● RECORDS FOR PROCESSING:

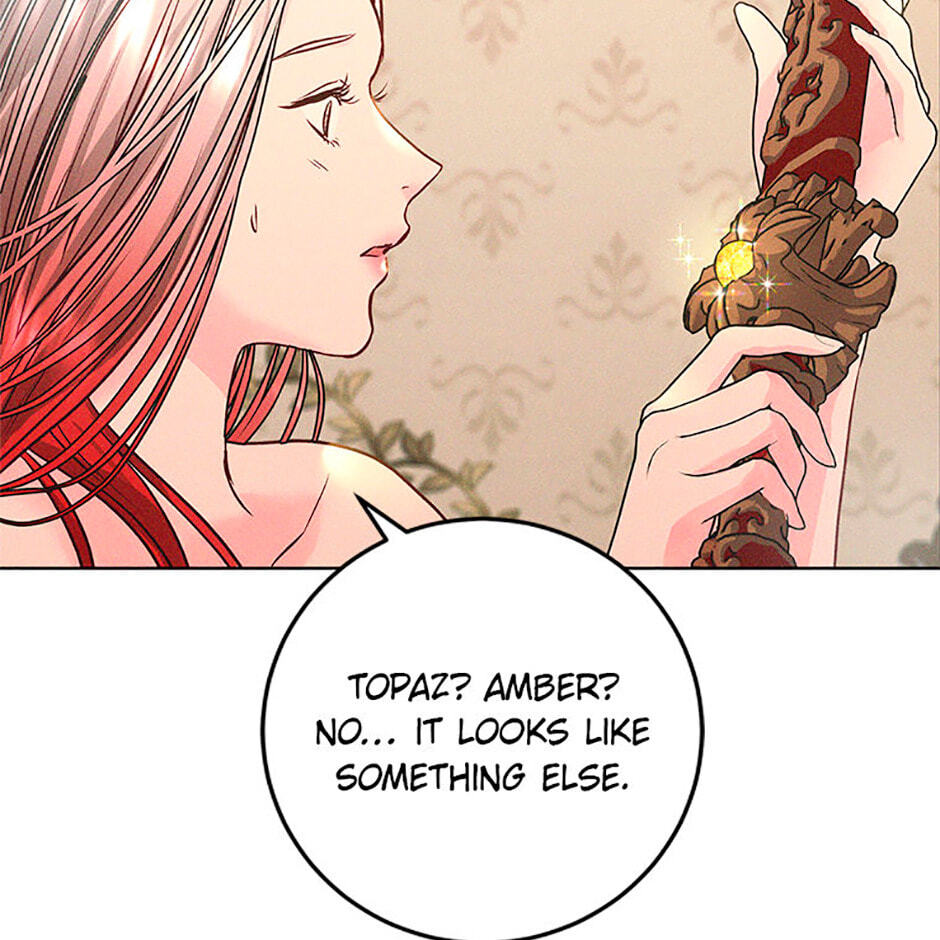 Read Stained Scarlet chapter 5 image 58 on Lezhin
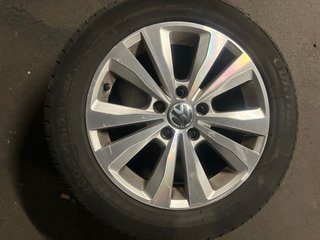 Llantas 16 Volkswagen
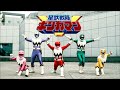 星獣戦隊ギンガマンOP /希砂未竜COVER  1998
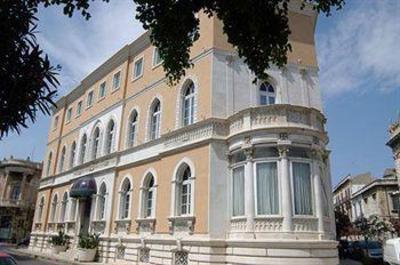 фото отеля Grand Hotel Ortigia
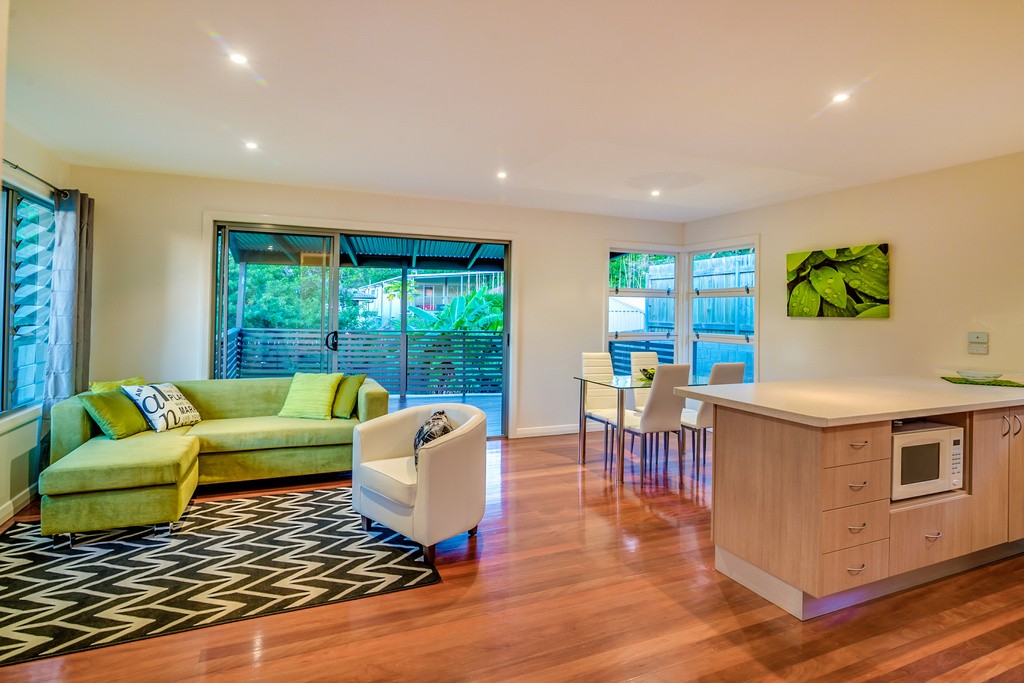 60 Sebring Street, Holland Park West, QLD 4121
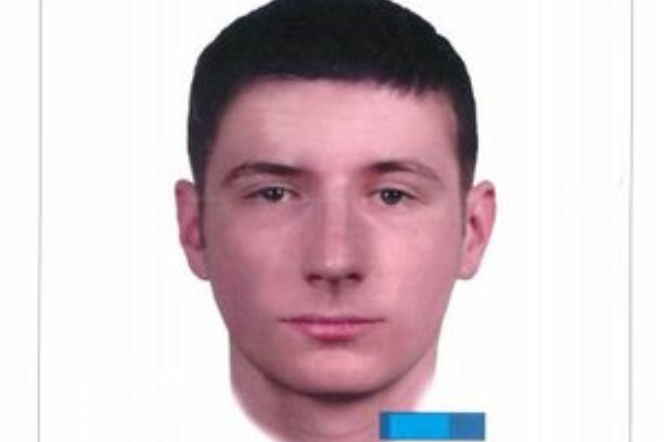 Portret pamięciowy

● WHAT THIS TASK INVOLVES: Leaving out all pictures, print exactly the lines above from the one containing "Llantas 16 Volkswagen" through the last line of the entries.

● SOLUTION BELOW:
 Llantas 16 Volkswagen
 星獣戦隊ギンガマンOP /希砂未竜COVER  1998
 фото отеля Grand Hotel Ortigia
 60 Sebring Street, Holland Park West, QLD 4121
 Portret pamięciowy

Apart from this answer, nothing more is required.